Work task ▸ Would you reproduce the whole listing exactly, dropping any pictures it holds?

Input data ▸
^^^^
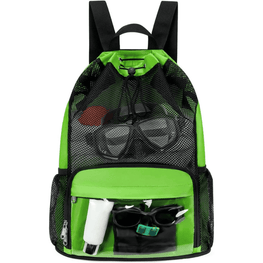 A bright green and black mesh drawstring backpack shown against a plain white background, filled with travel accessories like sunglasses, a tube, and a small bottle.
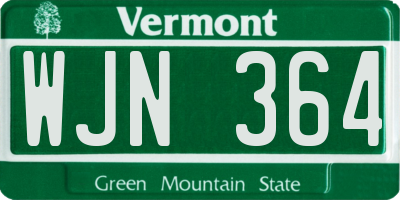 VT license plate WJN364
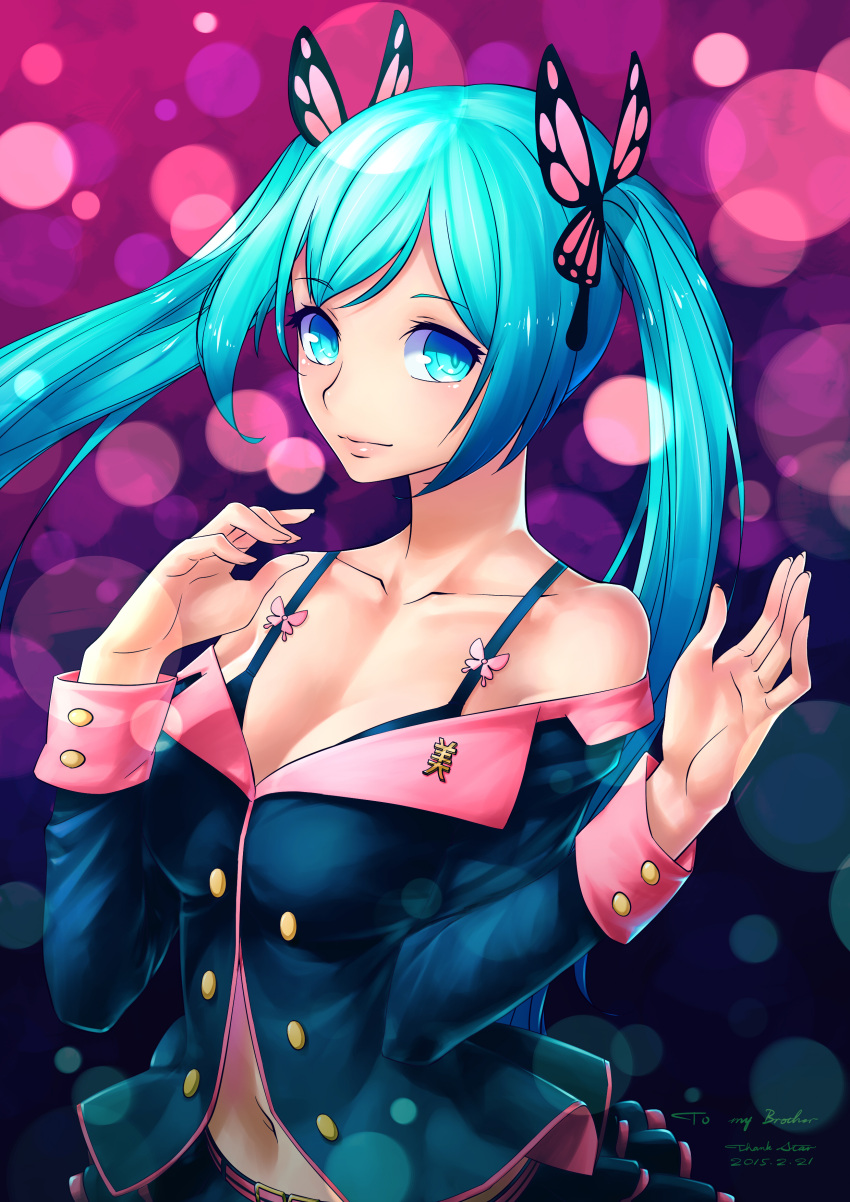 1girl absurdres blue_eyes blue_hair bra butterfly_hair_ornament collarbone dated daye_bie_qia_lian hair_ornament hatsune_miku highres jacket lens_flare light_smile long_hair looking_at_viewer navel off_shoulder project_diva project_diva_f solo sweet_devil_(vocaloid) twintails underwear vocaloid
^^^^
Answer box ▸
 A bright green and black mesh drawstring backpack shown against a plain white background, filled with travel accessories like sunglasses, a tube, and a small bottle.
 VT license plate WJN364
 1girl absurdres blue_eyes blue_hair bra butterfly_hair_ornament collarbone dated daye_bie_qia_lian hair_ornament hatsune_miku highres jacket lens_flare light_smile long_hair looking_at_viewer navel off_shoulder project_diva project_diva_f solo sweet_devil_(vocaloid) twintails underwear vocaloid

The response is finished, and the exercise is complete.